SportsMonday Column: Baseball, and optimism, at Ray Fisher this weekend
It doesn’t take more than a couple of seconds for Ako Thomas to address it. The question wasn’t even about it. But to start an interview in the lobby of Ray Fisher Stadium on Wednesday afternoon, asked what has gone well as Thomas and the Michigan baseball team have raced out to a 12-3 start this year, the sophomore second baseman knows just the answer.
“We felt like we had something to prove this year,” Thomas says, “ending the way we did last year.”
Of course, everyone in the program remembers that. Last season, as the Wolverines were on their way to their best season in eight years, they instead sputtered, losing nine of their last 11 games and missing the NCAA Tournament for the seventh time in eight tries.
Twelve months later, last season’s optimism is back, and Michigan has the promise to back it up. The Wolverines’ quest now is to make sure they don’t repeat 2016.
“I just felt like towards the end, I feel like we just, I don’t know, got tired and started to fall apart towards the end,” Thomas said. “But with this year’s group, I just feel like we all have the same goals. We’ve all got one thing on our mind, and that’s winning each game.”
Michigan returns home to Ray Fisher Stadium as a ranked team this weekend for a four-game series against Northern Illinois. A month into this season, a 15-game road swing has gone about as well as the Wolverines could have hoped. They have started 12-3 — improving on their 15-game start last season — including a 7-1 spring break trip to California in which they knocked off Southern California and San Diego, which doesn’t happen often to teams from the cold Midwest.
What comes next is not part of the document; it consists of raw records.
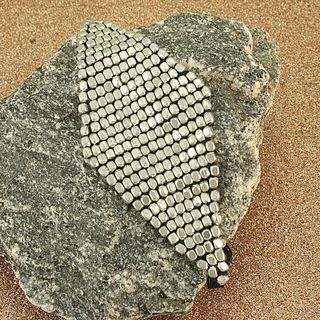 Handcrafted Wide Diamond Shape Silvertone Metal Beads Bracelet (India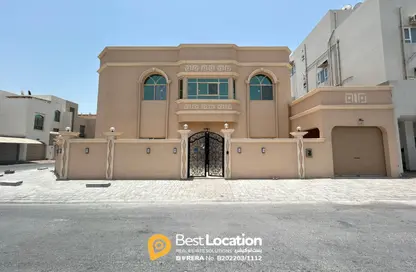 Villa - 4 Bedrooms - 5 Bathrooms for sale in Hidd - Muharraq Governorate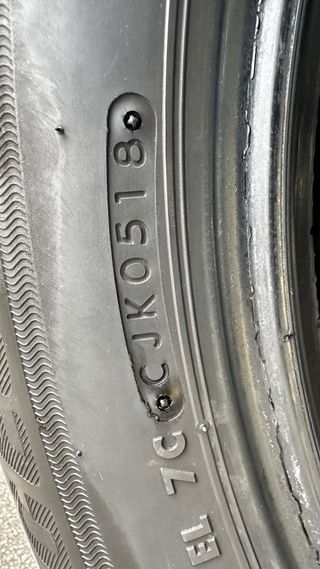 Neumáticos Bridgestone 235 55 R18 100H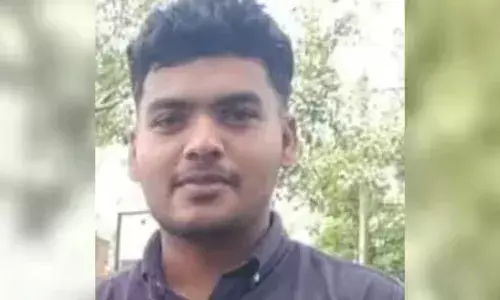 തെരുവുനായ കുറുകെ ചാടി; നിയന്ത്രണം വിട്ട ബൈക്ക് മറിഞ്ഞ് ലോറിക്കടിയിലേക്ക് വീണ യുവാവ് മരിച്ചു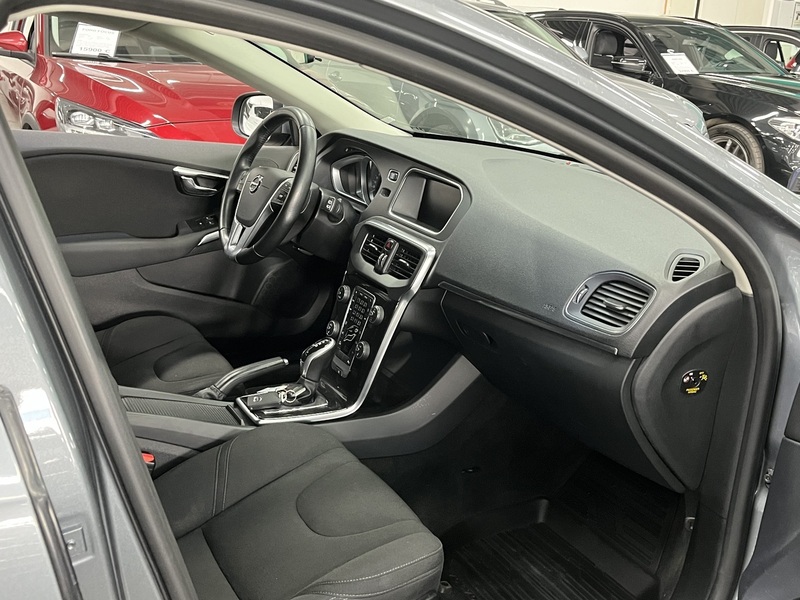 Volvo V40 vaihtoauto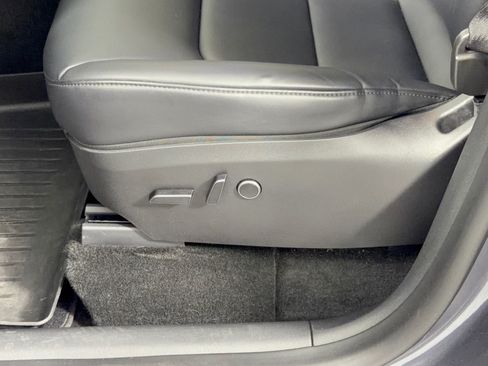 Used 2022 Tesla Model Y Long Range AWD/4WD image 16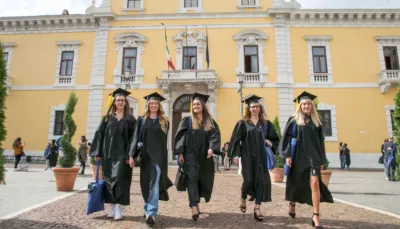 laureati davanti al rettorato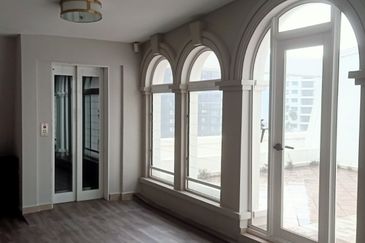 The Residence, Mont Kiara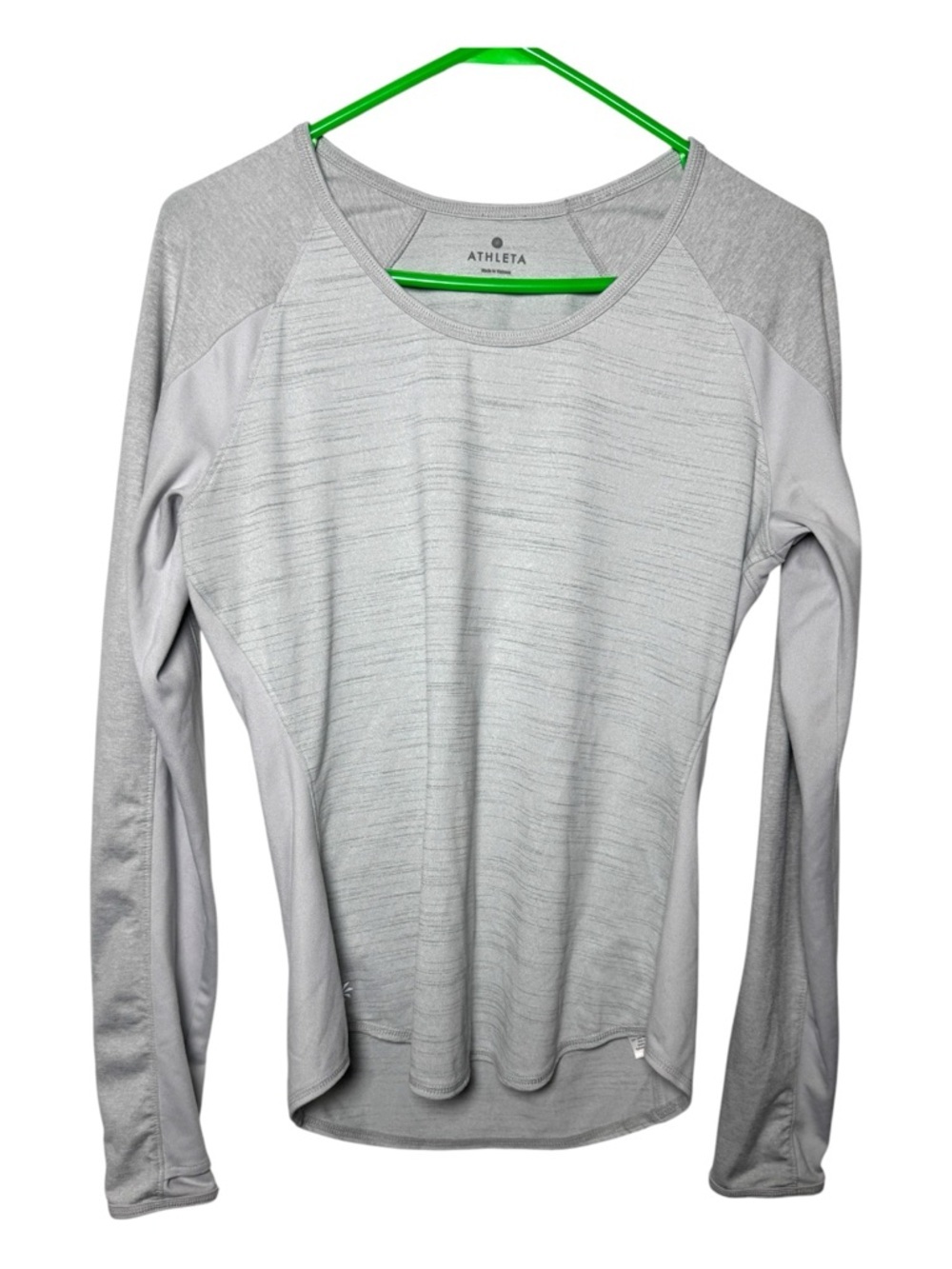 Athleta Light Gray Long Sleeve Athletic Top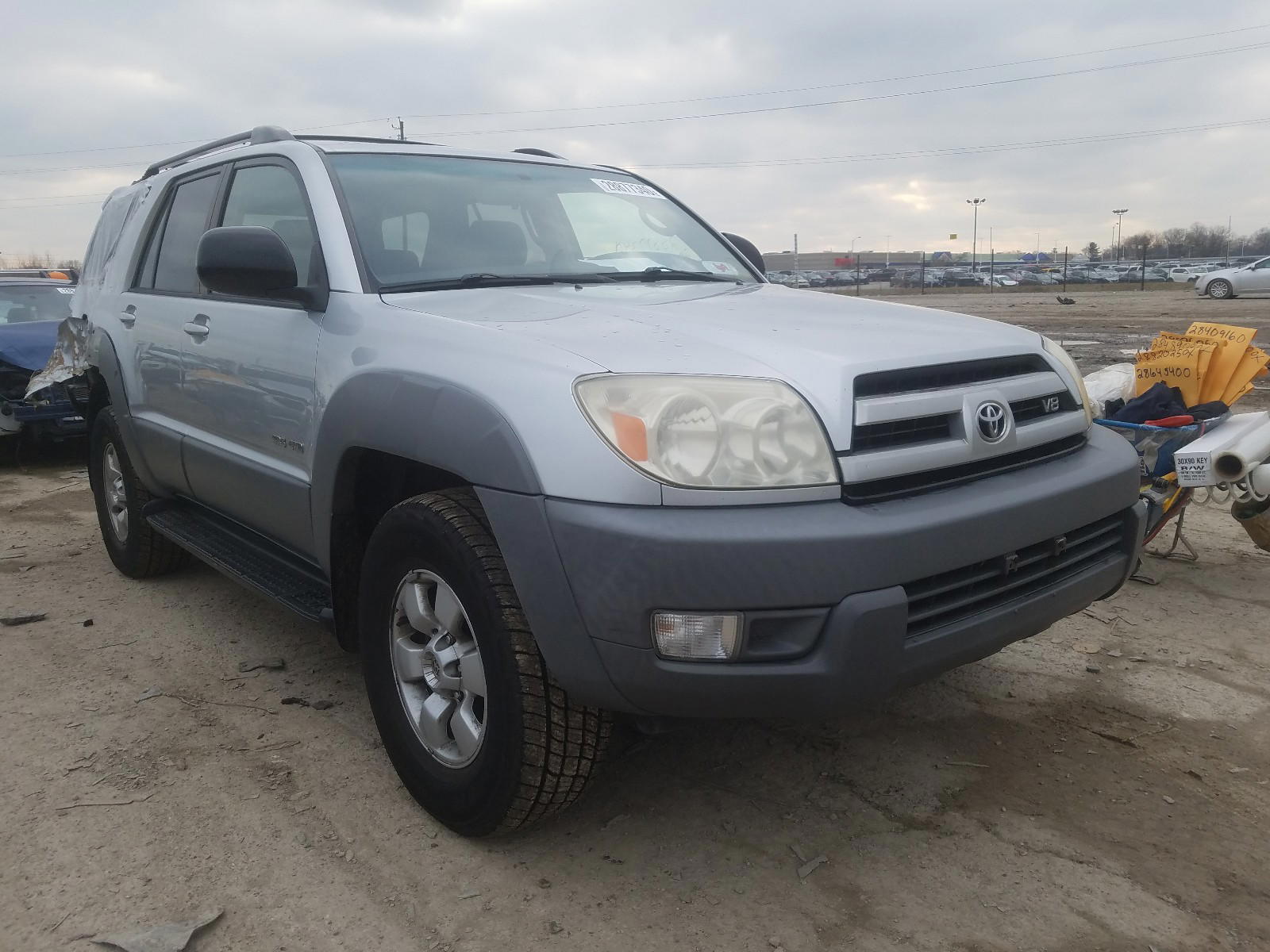 TOYOTA 4 RUNNER 2003 with VIN JTEBT14R330004722 - Photo from auction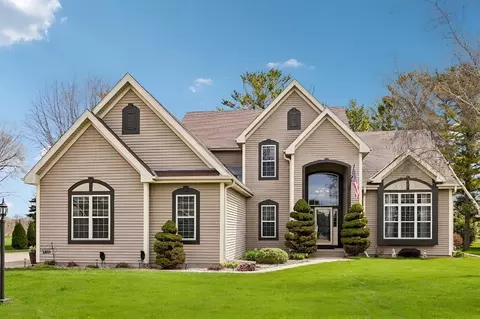 238 E Redding, Belgium, WI 53004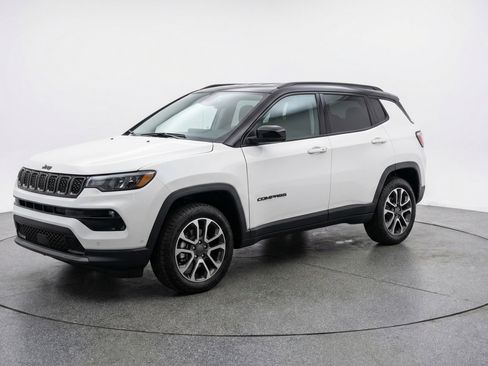 Used 2025 Jeep Compass Trailhawk AWD/4WD image 3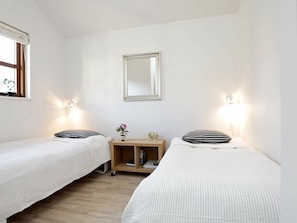 House | 3 bedrooms, free cribs/infant beds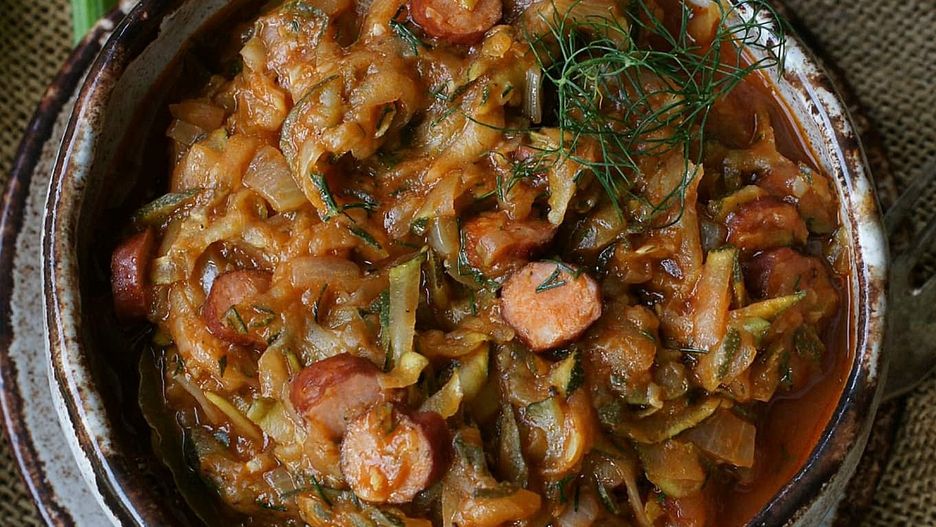 Szybki bigos z cukinii. Moc warzyw na twoim talerzu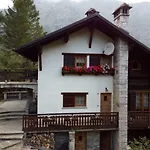 Stella Alpina شقة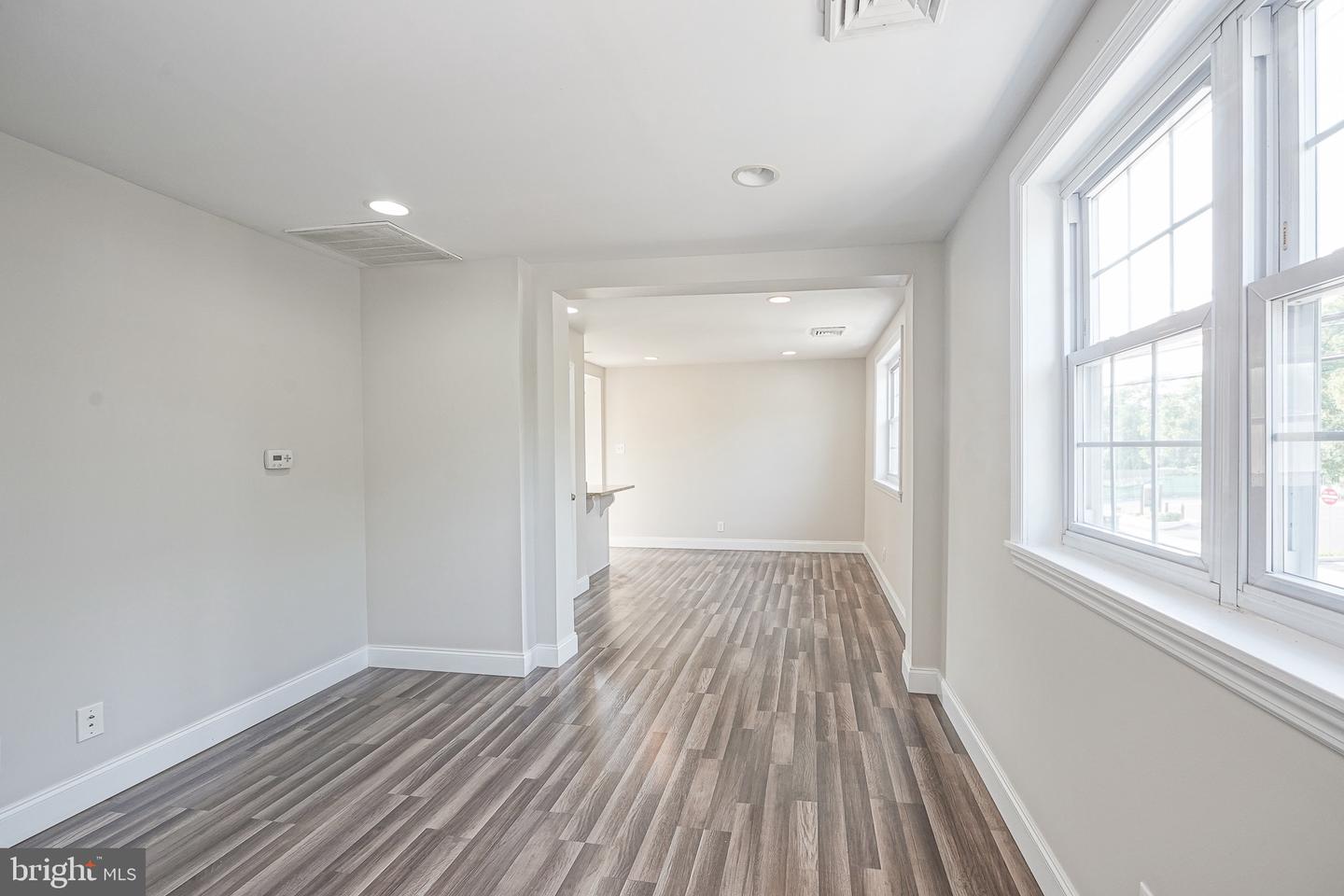 69 A Ellis St Property Photo 12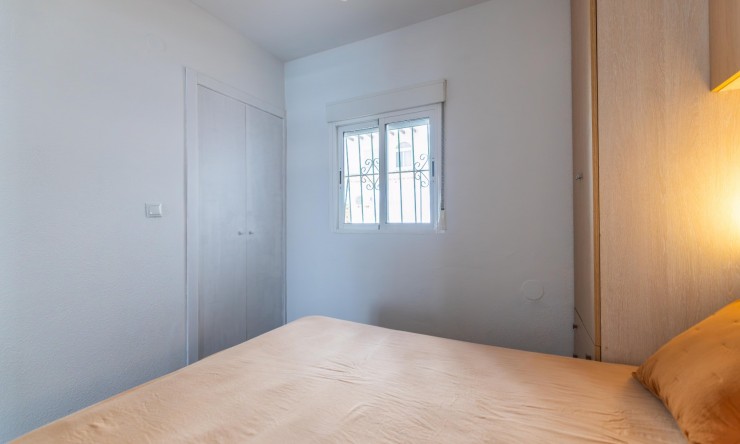 Re-Sale - Apartment - Torrevieja - Playa Los Naufragos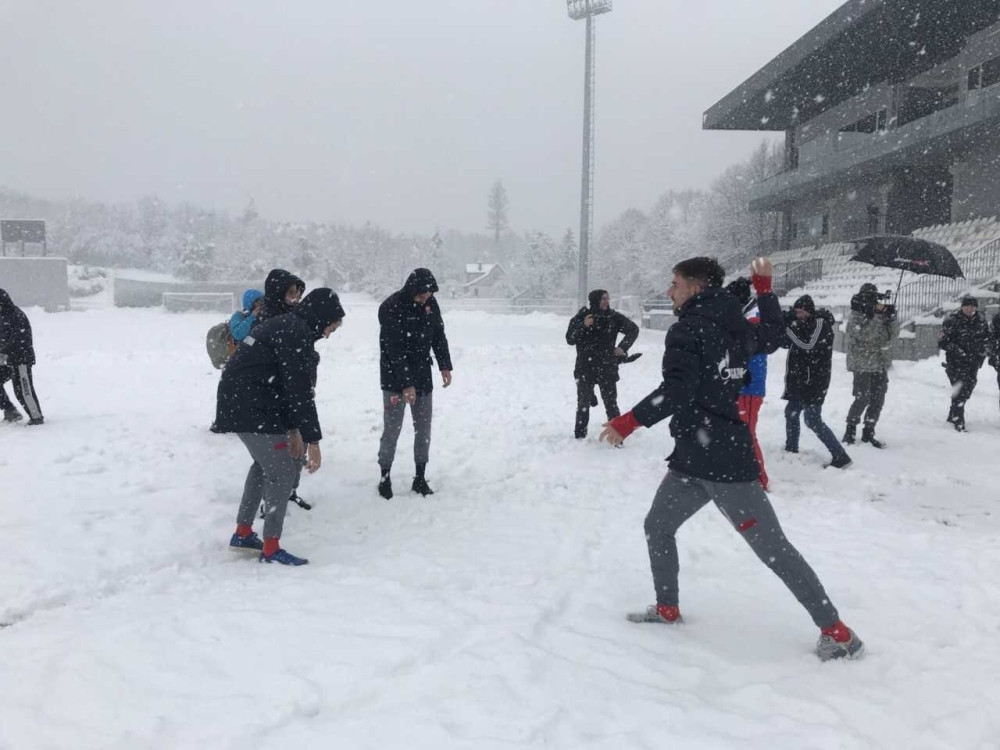 Pomeren meč, Čuka i Zvezda od 19 sati na Brdu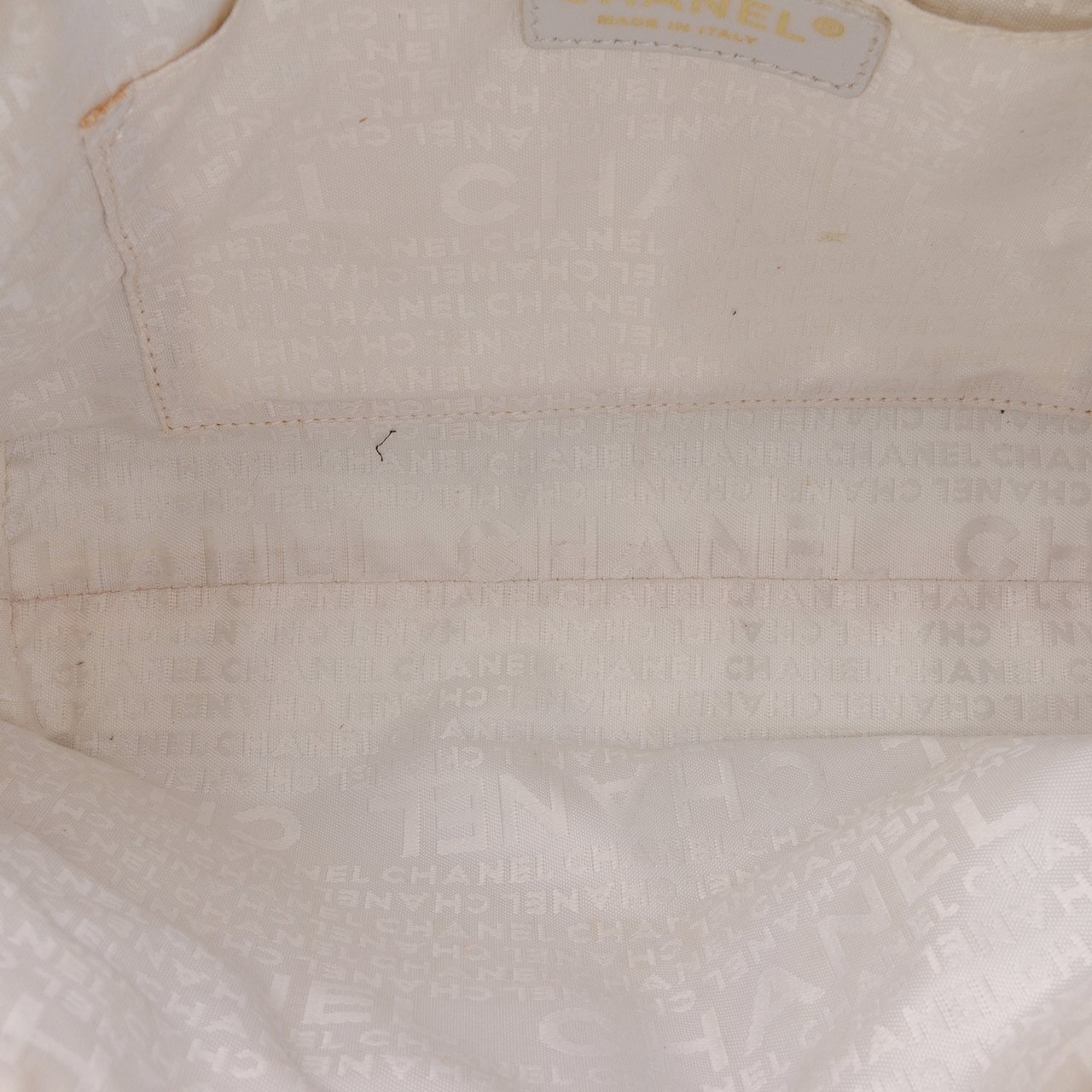 Chanel CC Chocolate Bar Canvas Shoulder Bag Zwart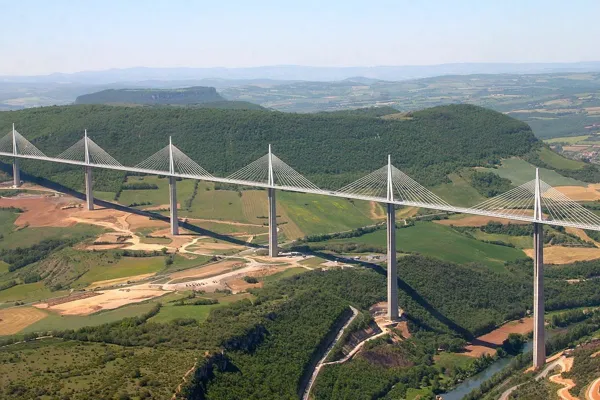 L'Olivier viaduc de Millau à 1 H15, Barasc Alain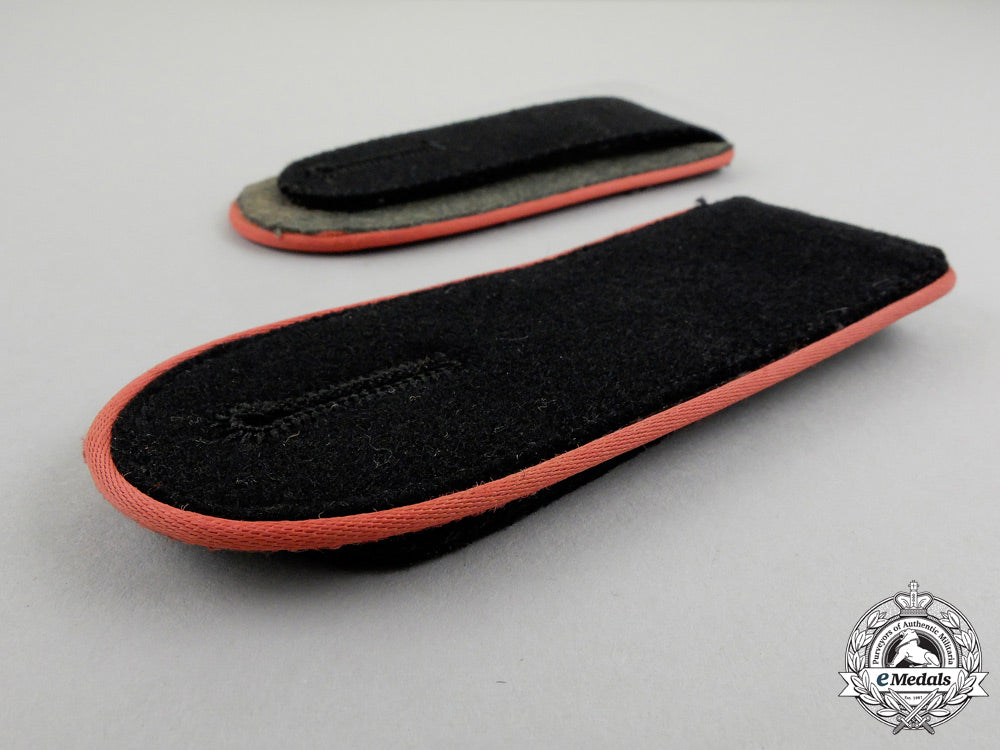 a_mint_and_unissued_matching_pair_of_waffen-_ss_panzer_em’s_shoulder_boards_j_247_2
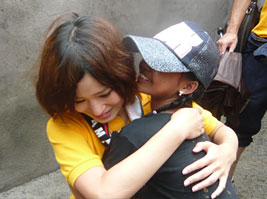 建築活動最終日、現地の子どもとの別れを惜しむ古川さん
Michigan came back and drew a No. 24 ranking in the national poll. The only other ranked team from north of the Mason-Dixon Line and east of the West Coast was No. 19 St. John’s. And the Wolverines will likely move up in this week’s poll after going down to Nashville and sweeping Lipscomb this past weekend.
The catch is that all of that was true at this time last year — the hot start, the national ranking and a 5-0 win against then-No. 10 California.
Last year’s squad started 5-0, then went to 11-3, then 20-5 after sweeping Northwestern. Those Wolverines showed a few signs of letting up, but they were still 34-12 after they pounded Rutgers in May. Most 34-12 teams end up in the NCAA Tournament.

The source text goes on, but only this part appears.